The Black Cat (1934)
For those looking for an old-school thrill, “The Black Cat” deserves mention alongside classics like “Frankenstein” and “Dracula.” Starring Bela Lugosi and Boris Karloff, the film follows a couple honeymooning in Hungary who get drawn into a bitter rivalry between two men whose gruesome past from World War I becomes even more horrifying when one man reveals himself to be a mad scientist obsessed with unsavory experiments.
The Beyond (1981)
Italian horror films are famous for their usage of nightmare logic to get under an audience’s skin, and director Lucio Fulci’s “The Beyond” stands as a classic from this regional subgenre. The film follows Liza Merril (Catriona MacColl), a young woman who inherits an old Louisianan hotel that unfortunately happened to be built on the gates of Hell.
Possession (1981)
Co-written and directed by Andrzej Zulawski, “Possession” follows Mark (Sam Neill) as he falls down a rabbit hole of obsessive investigation into his distant wife Anna’s (Isabelle Adjani) possible infidelities and surreal horror once he finds out how she’s really been spending her time.

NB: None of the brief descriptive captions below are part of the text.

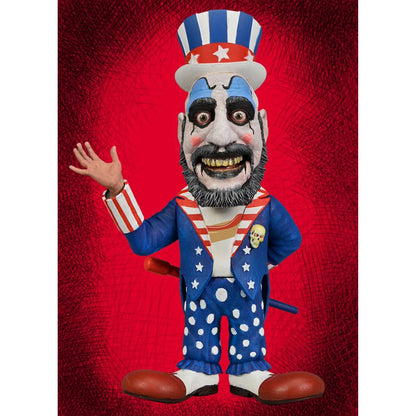 NECA Little Big Head House of 1000 Corpses 3-Pack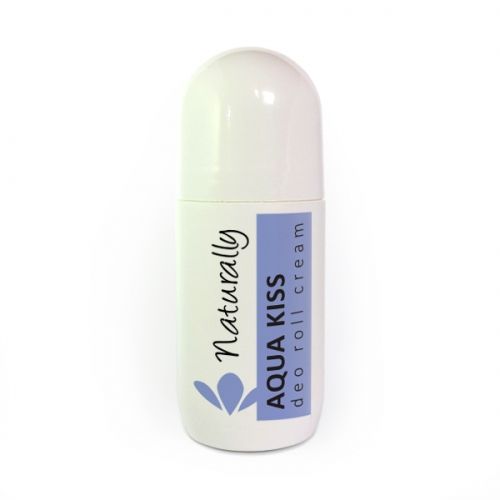 Deo roll cream with Aqua Kiss, 50ml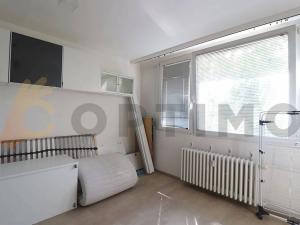 Pronájem bytu 2+kk, Praha - Bohnice, Poznaňská, 42 m2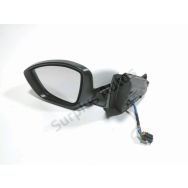 Retroviseur electrique gauche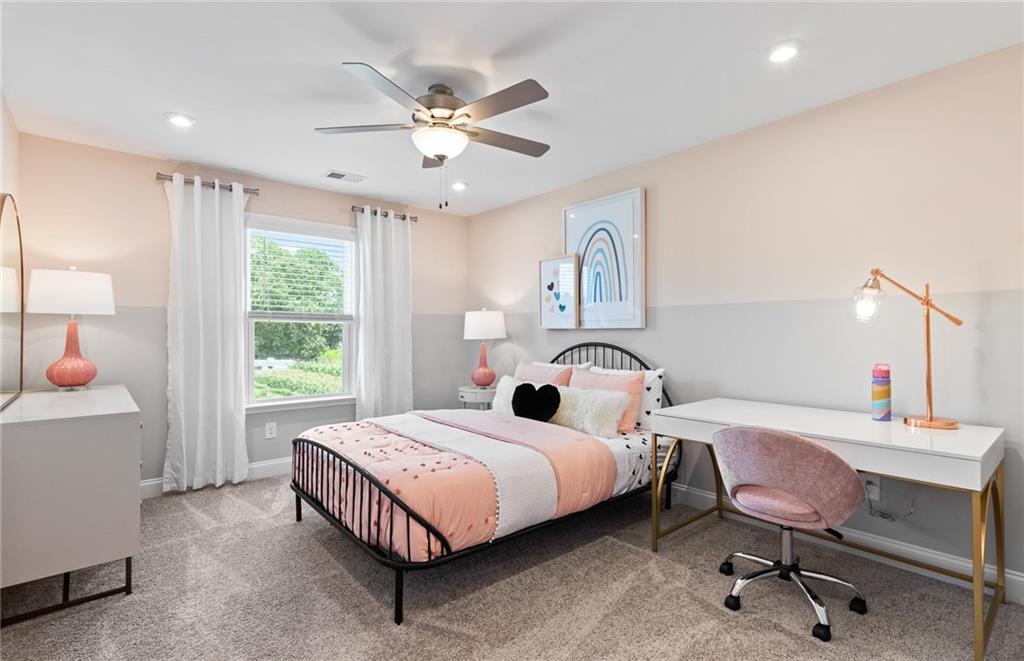 300 Canoe Place Villa Rica, GA 30180 - Photo 19 of 27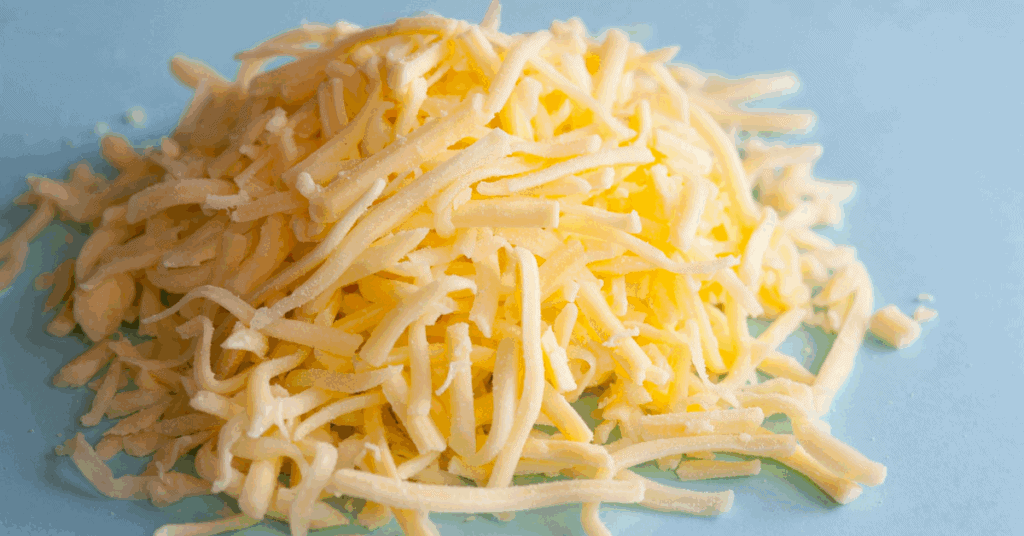 kroger cheese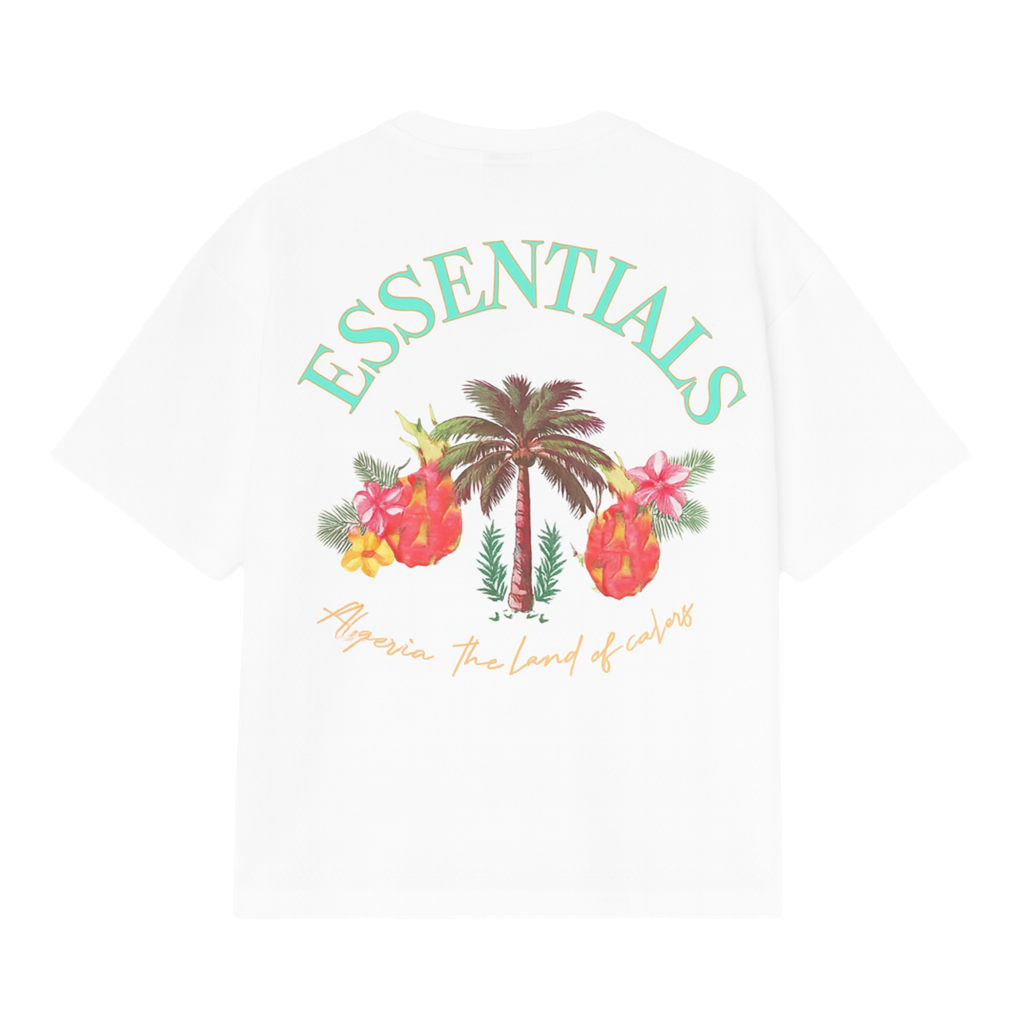 T-SHIRT « ESSENTIALS »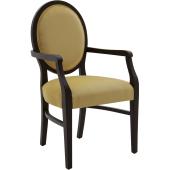 karosszek ivelt formakkal hattamla karpitozott modern kerek karpitozott rugozott valaszthato hevederezett elegans bukkfa kemenyfa etterem nappali szalon.jpg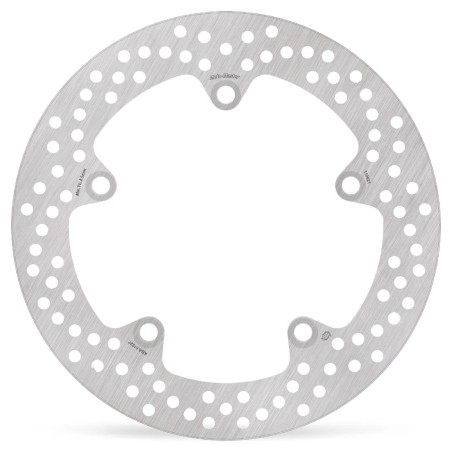 Halo Series Rear Rotor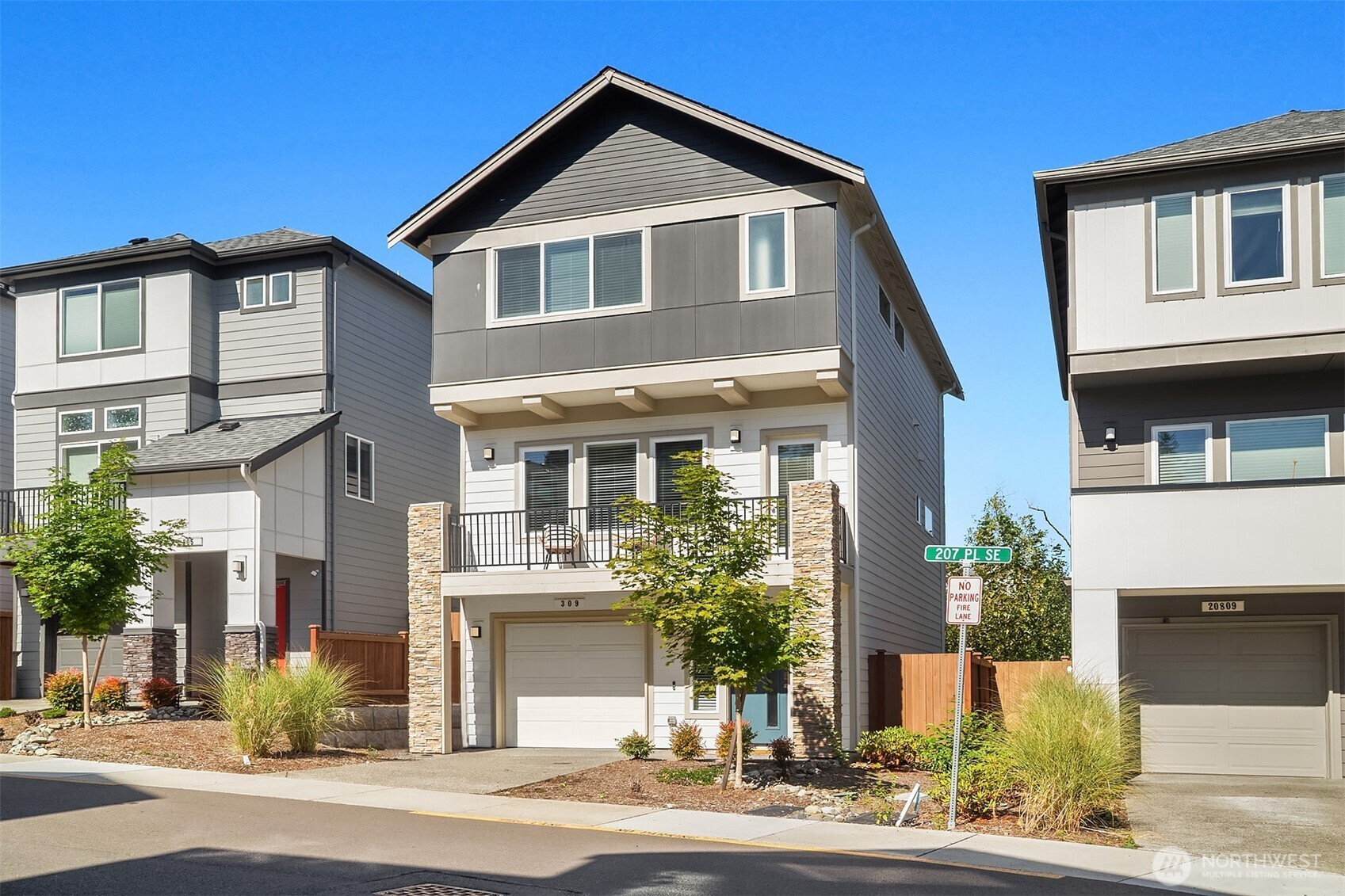 309 207th Place SE, Bothell, WA 98012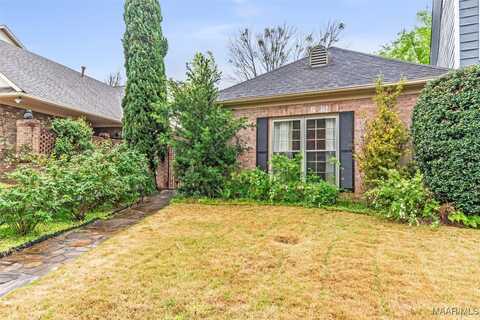 3146 Malone Drive, Montgomery, AL 36106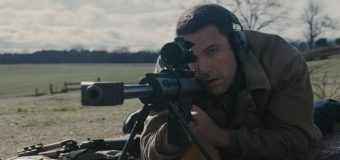 The Accountant อัจฉริยะคนบัญชีเพชฌฆาต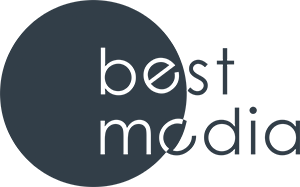Carmen Ros – BEST MEDIA logo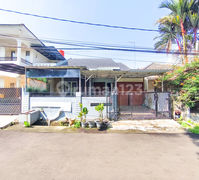 Rumah LT 180 Hadap Utara 15 Mnt ke The Park Sawangan Dibantu KPR J-47095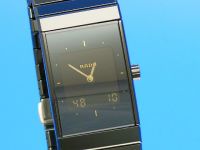 Rado DiaStar Keramik Multifunktion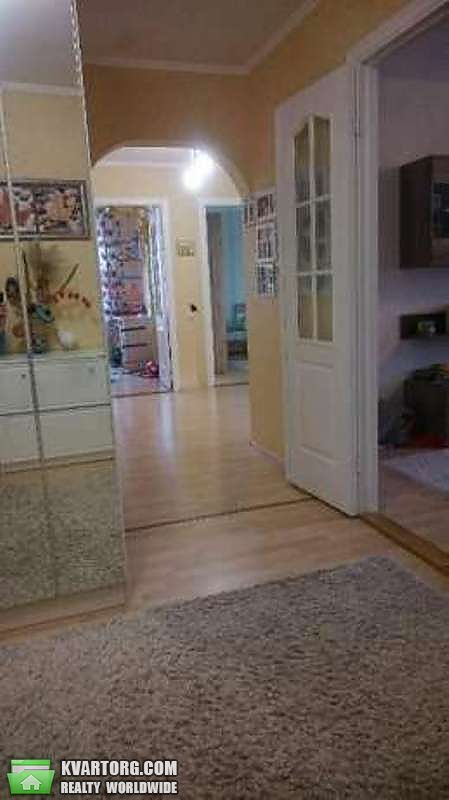 Sell 3-room apartment. Киев,  Чаадаева — photo 4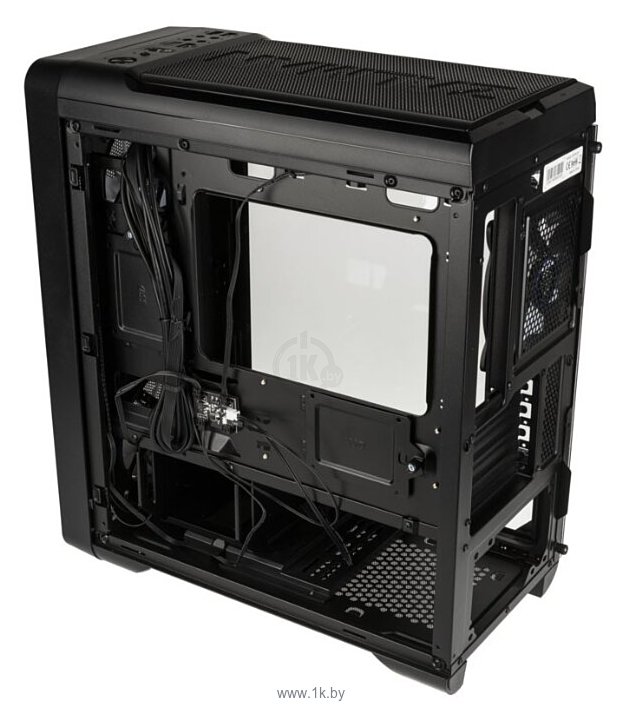 Фотографии Zalman M3 Plus Black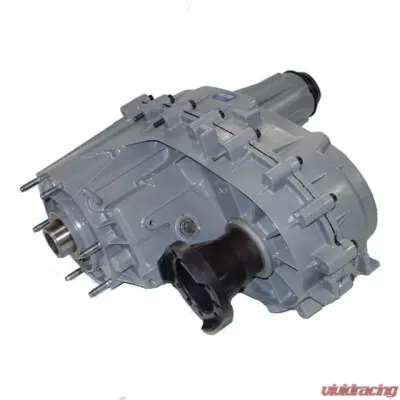 Zumbrota Drivetrain RTC126G-1 NP126 Transfer Case for Chevrolet Trailblazer, GMC Envoy, Oldsmobile Bravada 2002-2009 - RTC126G-1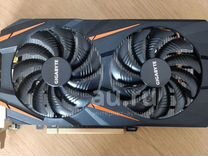 Gigabyte geforce gtx 1060 6 gb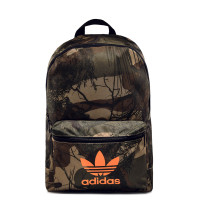 Rucksack Cam CL BP Hemp Multicolor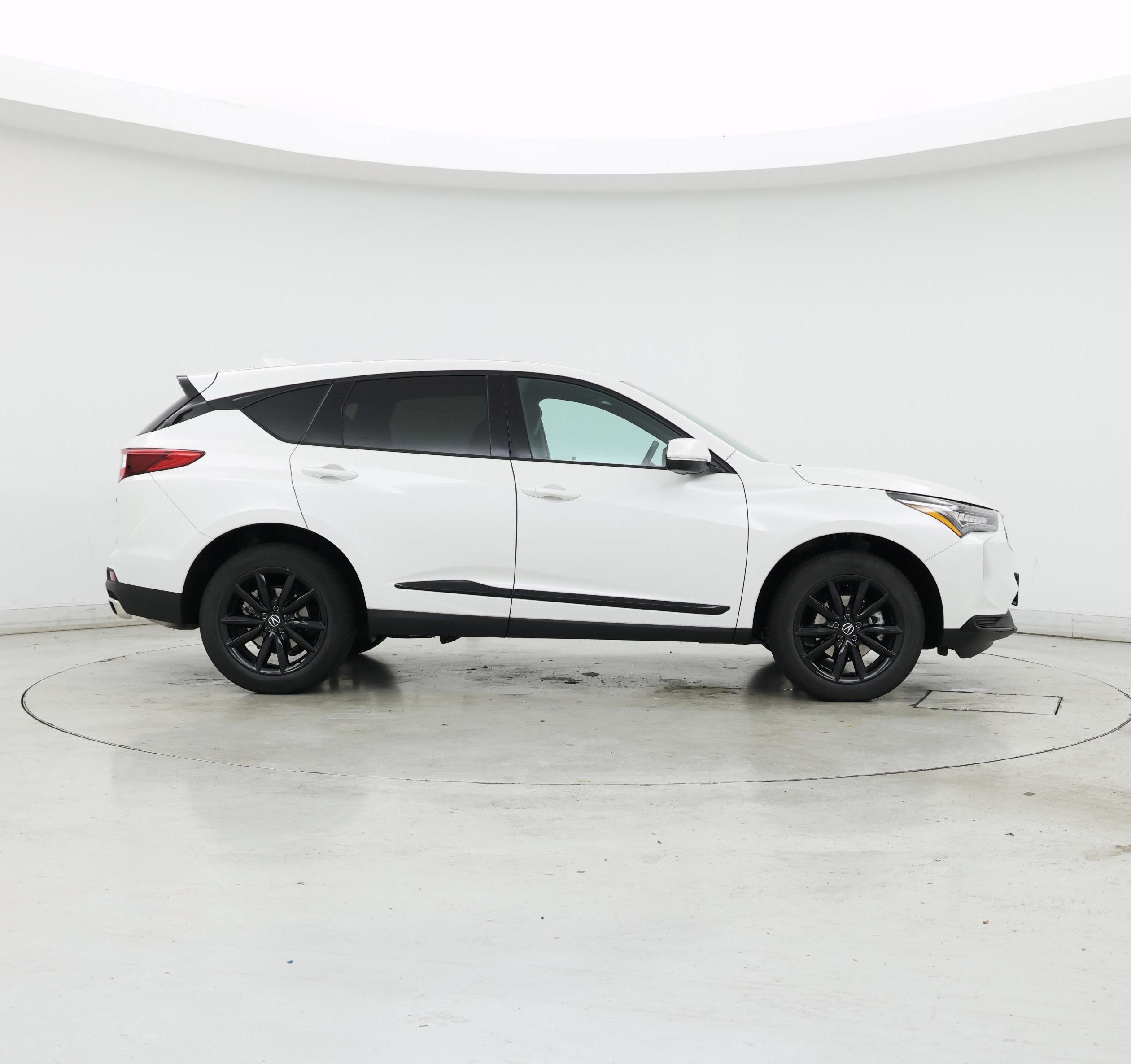 Thumbnail: 2025 Acura RDX - 4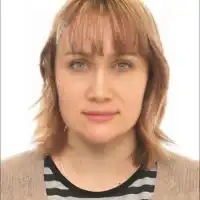 Гончарова Варвара Вячеславовна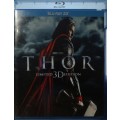Thor - Limited 3D Edition (3D-Blu-Ray) [New]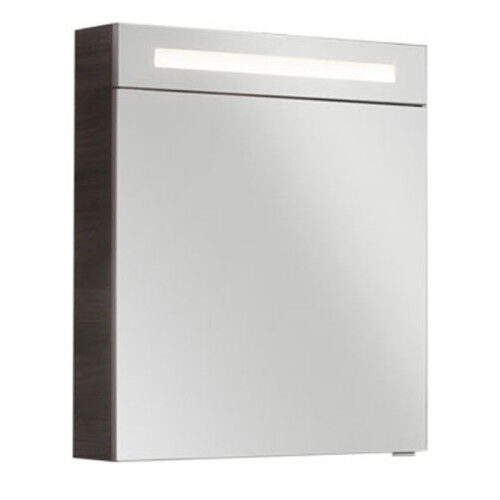 Fackelmann 82967  SpiegelschrankB.clever Ulme Madera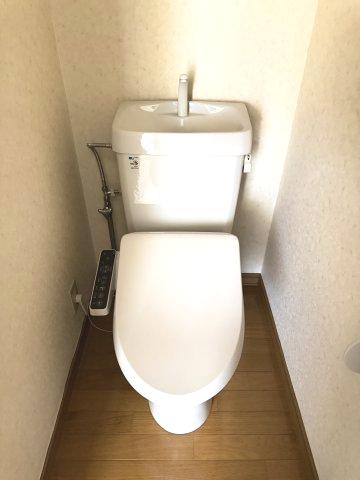 メゾンサンライズ（C） 部屋画像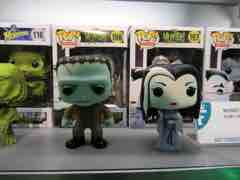 Toy Fair 2015 - Funko - Pop! Vinyl Figures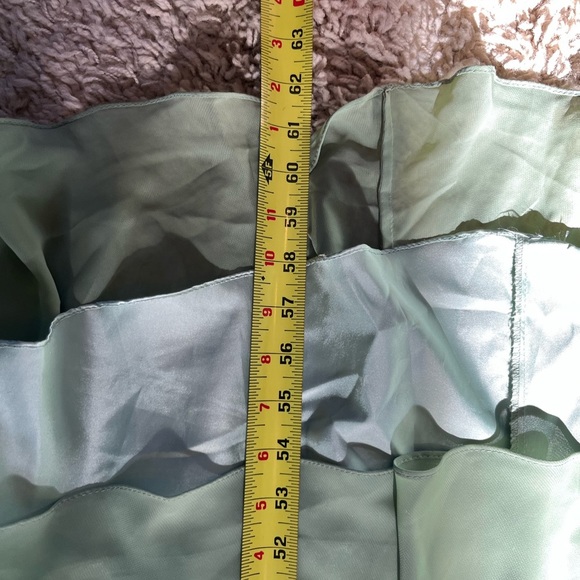 Beautiful Camille formal dress, perfect condition - Picture 6 of 8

Tetsuo: The Iron Man (1989)
This Japanese cyber horror follows a salaryman (Tomoro Taguchi) who accidentally runs over a man credited as a “metal fetishist” (Shin’ya Tsukamoto, also the writer and director) and finds his body undergoing a series of disgusting, painful transformations that tear away his humanity.
In the Mouth of Madness (1994)
A mid-90s sleeper classic from legendary director John Carpenter (“Halloween,” “The Thing”), “In the Mouth of Madness” follows John Trent (Sam Neill), an insurance investigator who looks into the reclusive novelist Sutter Cane’s (Jurgen Prochnow) death and finds himself in a nightmare seemingly born from the reality of Cane’s horror novels.
Bug (2006)
A riveting late-career psychological horror film from “The Exorcist” director William Friedkin, “Bug” follows Agnes (Ashley Judd), a lonely woman whose isolation breaks when she’s introduced to Peter (Michael Shannon) and becomes drawn into his destructive paranoias concerning military experiments and bug infestations.
Mad God (2021)
Phil Tippett, best known for his special effects work on “Jurassic Park” and “RoboCop,” directed “Mad God,” a fever dream tale of a world torn apart by war, genocide and supernatural horrors that now subjugate all intelligent life for unknown purposes.